With a full clutch in the nest, the two birds have quickly settled into the routine of incubating and swapping over duties. There is no guarantee that all of the eggs are fertilised by SS though, as Mrs O was up to her old tricks, frequently popping along to the back -up nest where attempted mating was witnessed with another male bird, FK0. She had mated with at least both of the males and then eggs were laid in the main nest.
Choosing the main nest and the very experienced SS is a good call for Mrs O, as he has raised 26 chicks in total and knows all there is to know about fatherhood. He will be more than able to provide food for his hungry partner and the chicks when they come. FK0, on the other hand, is an inexperienced young male, and potentially has not raised a family before. FK0 may have found himself a vacant nest site, but he hasn’t found a wife to occupy his nest with him and raise a family, and so now nest 2 sits empty. Time is running out for a female osprey to join him at this late stage in spring, so sadly this nest looks likely to remain unproductive this year.
In the Tweed Valley this year, all of our hopes are pinned on Mrs O and SS for success. Thankfully, we are seeing a reformed character in Mrs O. The demanding and squawking has stopped, and she seems so much more relaxed and settled, her sole focus now being the incubation of the eggs, which will take up to 42 days.

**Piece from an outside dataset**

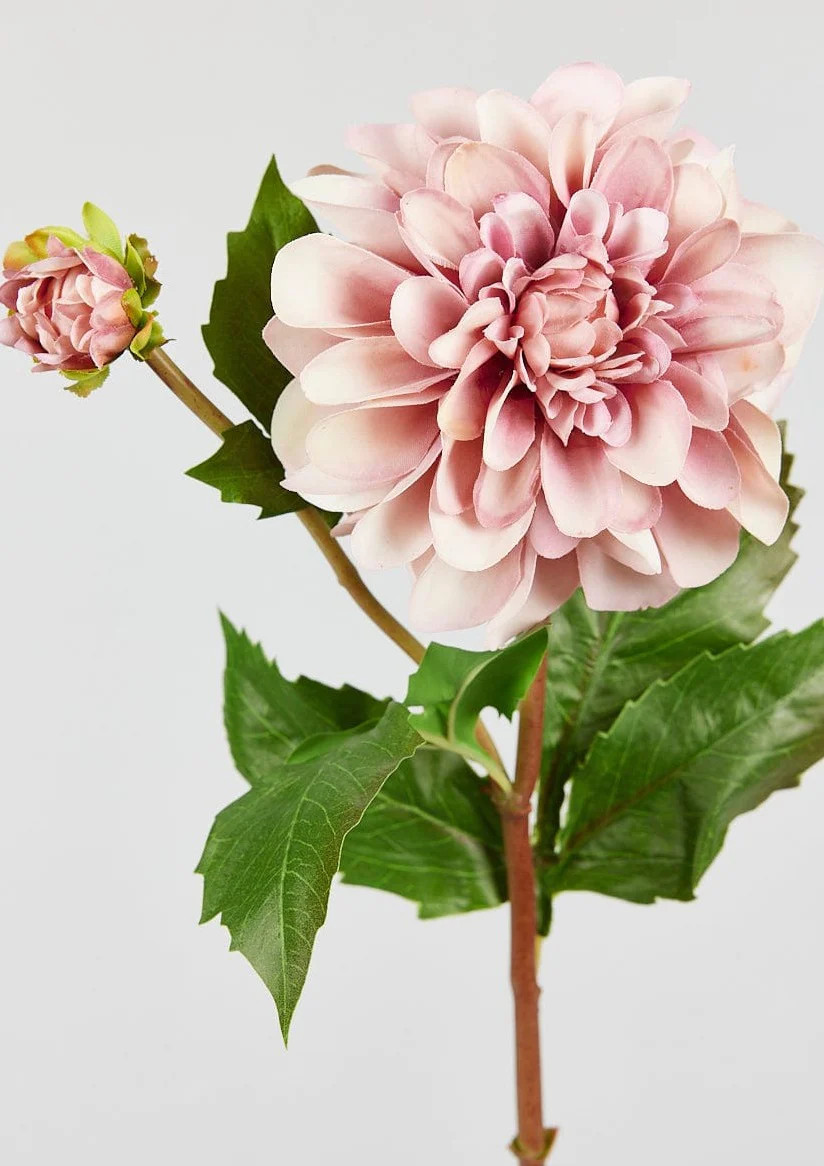 Dusty Mauve Pink Real Touch Dahlia - 25" | Afloral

It will be an interesting brood, as the time gaps between the egg laying means that the chicks will be born a few days apart, and there should be quite noticeable size differences between them as they begin to grow. Fish are plentiful and SS is highly skilled as a hunter, so he will surely be able to provide fish enough for all of his family. We at the Tweed Valley Osprey Project are hoping for an uneventful incubation period and safe hatching when the time comes.
Has FK8 found a partner?
Our satellite-tracked female bird FK8 is 4 years old now. She left Portugal, her winter roost, in the spring and returned to Scotland. She went to Forsinard Flows and Loch Slethill, her favoured summer haunt from the past two summers, but has since left the area and moved further south to the Dornoch area, where she has been staying in the same locality consistently. We are hoping that this means that she has found a partner and is going to nest. Tony Lightley has friends in the area who are looking out for her, and we are keeping fingers crossed for happy news.
The Paxman wild rover
Meanwhile, Jeremy Paxman’s bird is living the life of Riley up north! This young, free and single male osprey, PX1 made it up to Findhorn Bay on 8 May but has continued his travels across to the west coast of Scotland, along to Ullapool, and then to the top of the landscape at Durness, moving right across the top of Scotland from west to east before coming inland to investigate the River Borgie and the River Halladale.

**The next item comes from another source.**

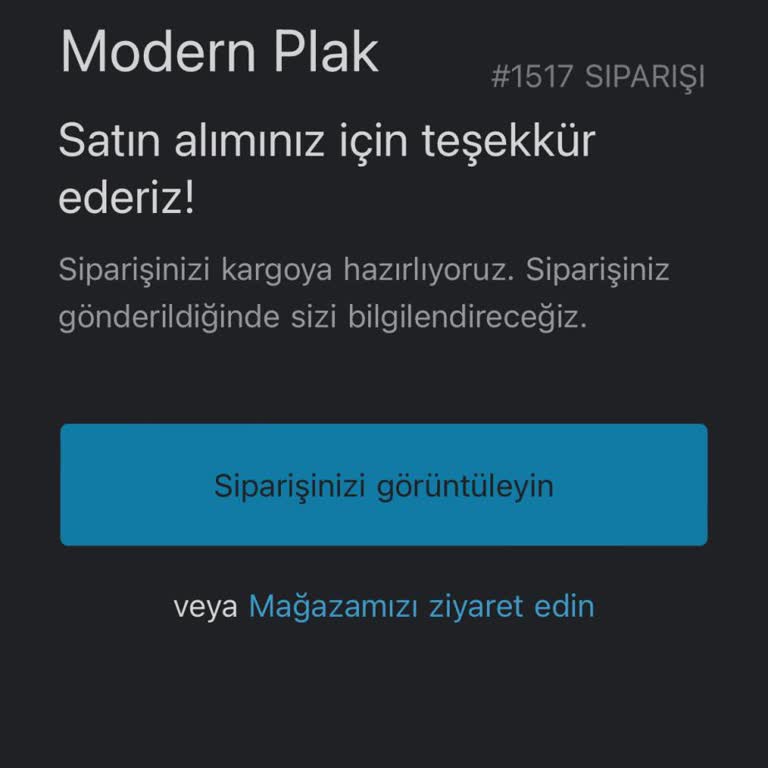 Modern Plak Aramalara Rağmen Geri Dönüş Yapılmayan Sipariş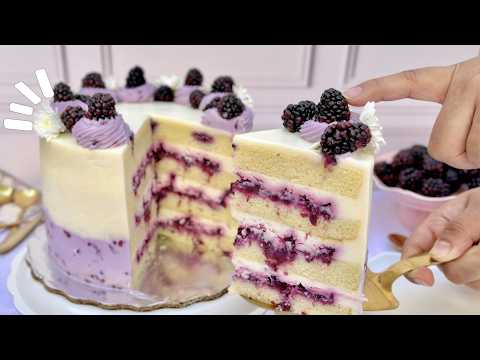 La RECETA de pastel para SORPRENDER a todos en una FECHA ESPECIAL Pastel de QUESO con ZARZAMORA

On 10 May he completed his tour of the top of Scotland, taking in Wick, but he eventually made the decision to return back to the Halladale River and River Dyke near to Forsinain. This is an area which has beautiful, fish-filled rivers and plenty of lochans for fishing in, plus a few conifer plantations nearby in which to roost and rest.
As he travels he will be making a mental map of the landscape and storing information about fishing spots, roost sites, other ospreys in the area and their nest sites. He now knows the limit of the landscape bounded by the sea, and he can choose to either find a place to have a restful summer, or continue to explore.
He has no responsibilities yet, with no chicks to raise or fish for, so life really is a breeze for him at the moment. It is astonishing the way he has been so active, touring widely throughout Britain. When he arrived in Africa, he found the gold mines at Sanso, but never moved from the area for nearly 18 months. It seems he is making up for his extended rest period.